_EXERCISE BRIEF:_ Copy out the data that comes next, character for character, and leave the images aside.

_RECORDED DATA:_
BEGIN
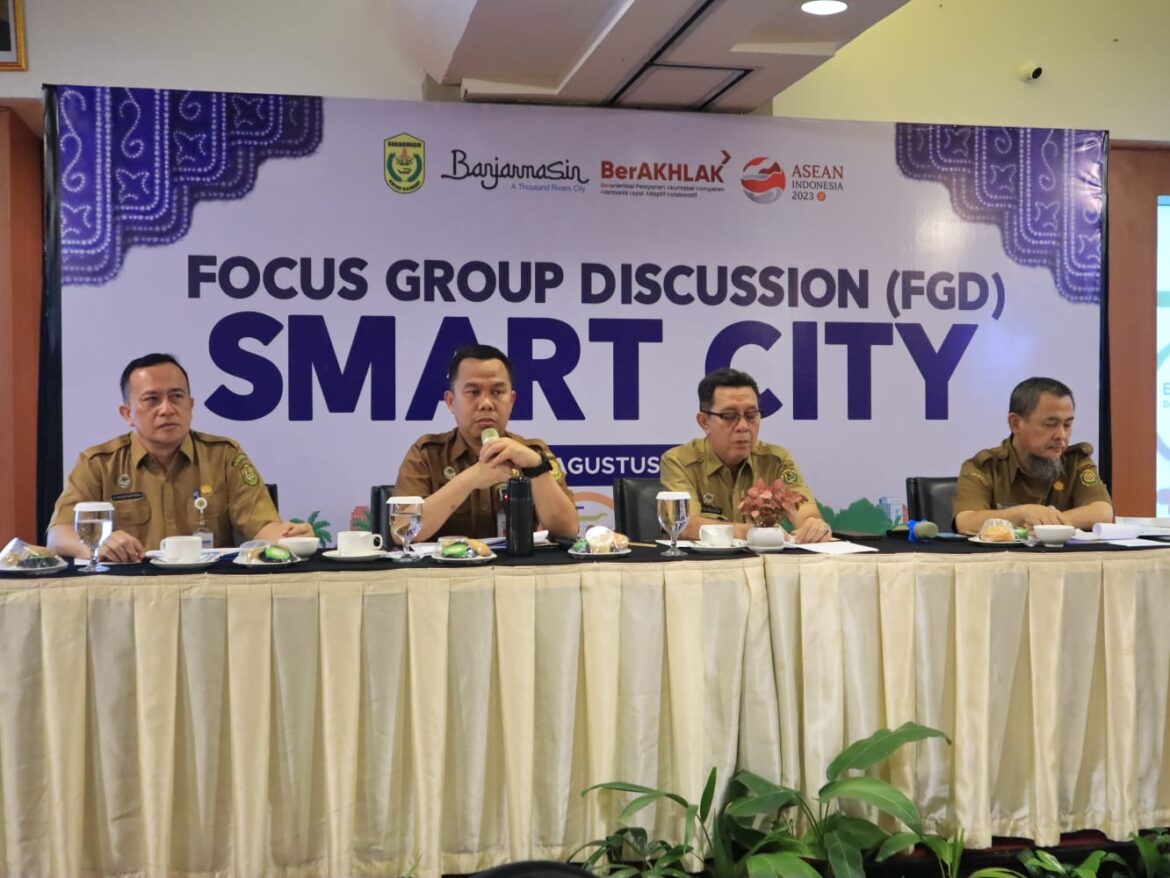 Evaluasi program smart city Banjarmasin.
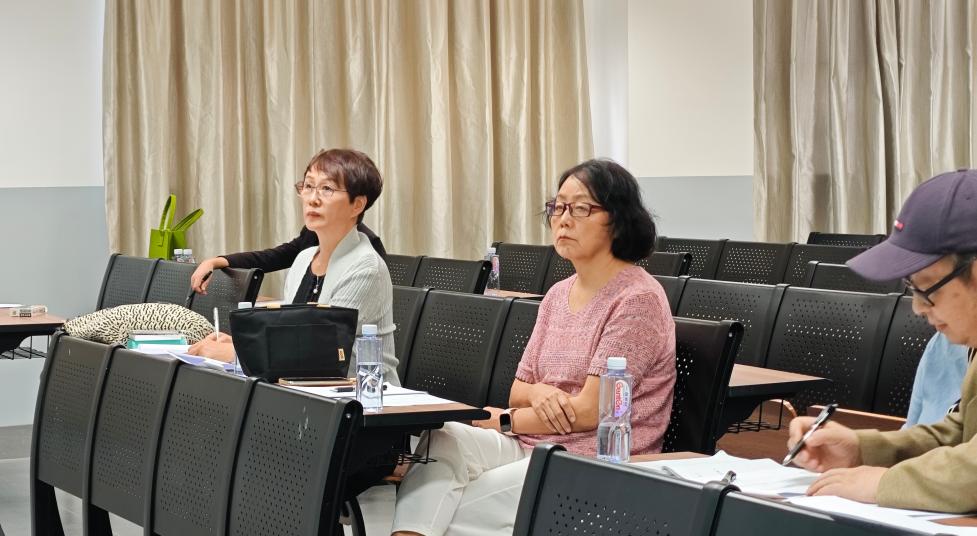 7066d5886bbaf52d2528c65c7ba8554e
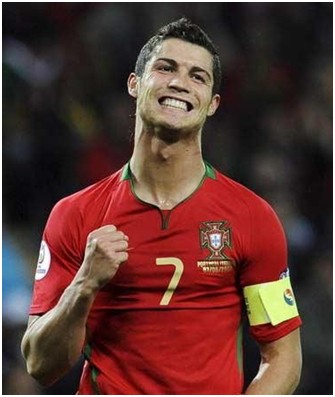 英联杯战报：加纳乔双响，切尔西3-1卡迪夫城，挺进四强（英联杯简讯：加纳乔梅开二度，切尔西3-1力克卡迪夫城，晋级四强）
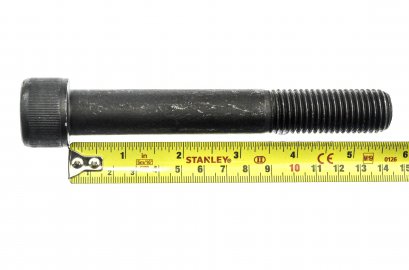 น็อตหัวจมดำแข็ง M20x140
END
_SOLUTION TO THIS PROBLEM:_
 Evaluasi program smart city Banjarmasin.
 7066d5886bbaf52d2528c65c7ba8554e
 英联杯战报：加纳乔双响，切尔西3-1卡迪夫城，挺进四强（英联杯简讯：加纳乔梅开二度，切尔西3-1力克卡迪夫城，晋级四强）
 น็อตหัวจมดำแข็ง M20x140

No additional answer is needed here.